To say that I’m apprehensive about just how a show like this could be edited would be an understatement. However, until it airs, I’ll give it the benefit of the doubt. It’s hard not to be skeptical, though. Anything Attachment Parenting seems to be a hot topic or buzzword these days, prompting articles, talk show segments, and controversial headlines all meant to incite debate and page views. So, excuse me if I’m a little wary over how this show could go.
And even if it’s framed in a way that doesn’t portray extended nursers as abnormal and freakish, what, exactly, will it portray? I mean, what’s there to watch? I think back over two years ago when I was still nursing my son. He breastfed until he turned 3 – well beyond the national average, and even a year beyond the WHO’s recommendation of 2 years. What would an edited show about our breastfeeding relationship have looked like?
To be honest…it would probably have been a little boring, or at the most – looked like any reality show about parenting a toddler. Yes, he might have nursed first thing upon rising, but then he would have gone downstairs, eaten breakfast, and we would have gone about our day, which would have meant school in the morning for him while I worked. Perhaps some playground fun in the afternoon, grocery shopping, a trip to the bank, a few other errands… do you get the picture? Sure, if he fell and scraped his knee, he might have wanted some milk, or if he was tired or cranky, but otherwise? There was nothing remarkable about it in my eyes. There was no big production of “NOW WE ARE GOING TO BREASTFEED MY 3 YEAR OLD!!” At that point, I’m not even sure if we nursed in public so much, or if it was more of a sweet, private moment we shared at home every so often.

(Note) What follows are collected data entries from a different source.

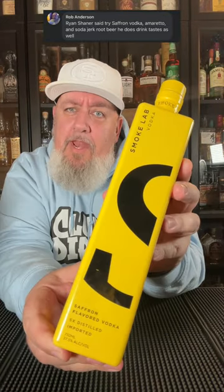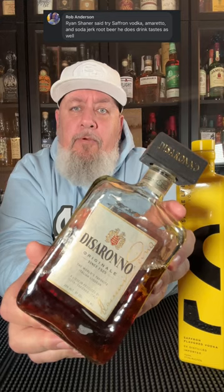Rob Anderson said that Ryan Shainer said to try Smoke Lab Saffron Vodka, Amaretto, and Soda Jerk's Root Beer. He then said he does taste tests as well. I know who Ryan Shainer is — that's my buddy OneBigPikey.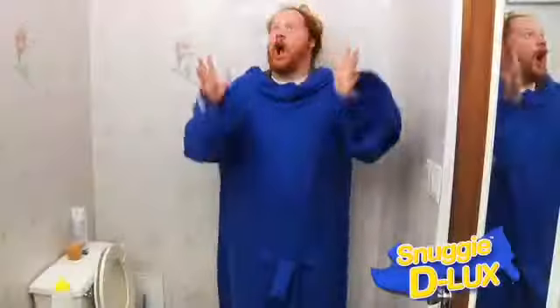The Snuggie is the perfect way to keep your body warm and your hands free. But if you have to go to the bathroom, you have to take your Snuggie off. Until now!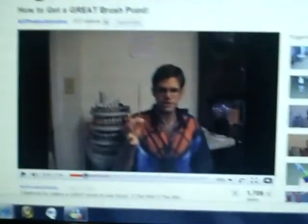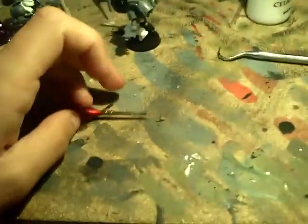Alright guys, I'm going to do a quick video response on this video that I found here. It is called 'How to get a great brush point' by Christopher from AG Productions Incorporated. He gave you two tips on how to keep a brush with a good point, and I followed one of them. And I'll tell you, it worked amazing.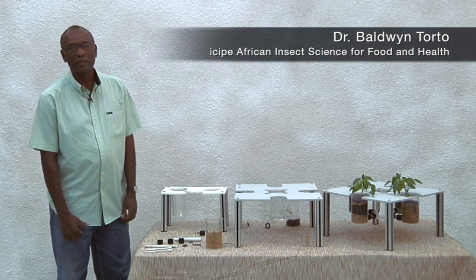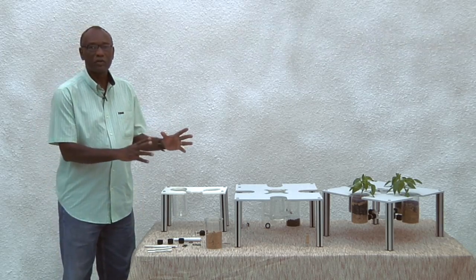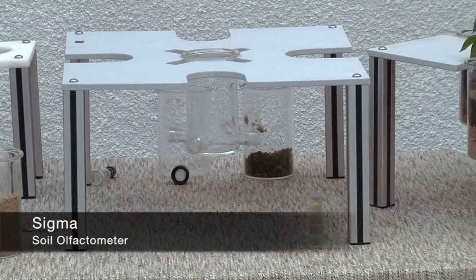I'm Dr. Toto from the International Center of Insight Physiology and Ecology. I am going to describe to you the soil olfactometer. The soil olfactometer has three components.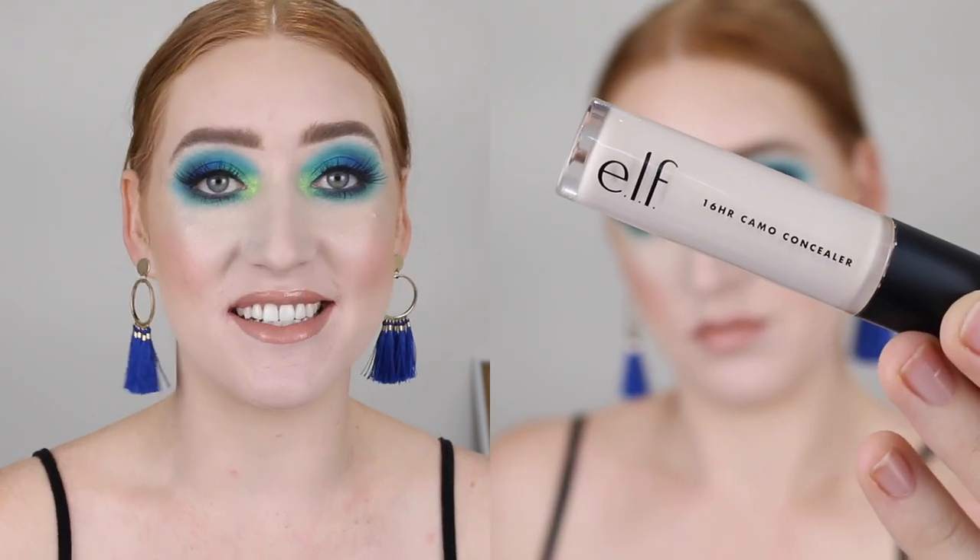Hey guys, in today's video I am going to be doing a review on the much raved about e.l.f. Camo Concealer. I'm going to go over the details, give you a review, and of course show you a demo and some swatch comparisons.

Yes, it would be great to have some normalized representation of breastfeeding, and it would be amazing if a show like this actually encouraged folks who were struggling and wanted to continue nursing. However, when the New York Post leads their story on this new reality show with the line “Breastfeeding’s big kids are coming out of the closet,” excuse me if I’m not all that encouraged.
What say you? Are you optimistic that this show will steer clear of mocking and falling back on the “freak factor” in presenting relationships of extended nursing? Or will it ultimately fall into the same trap that many reality shows about parenting succumb to?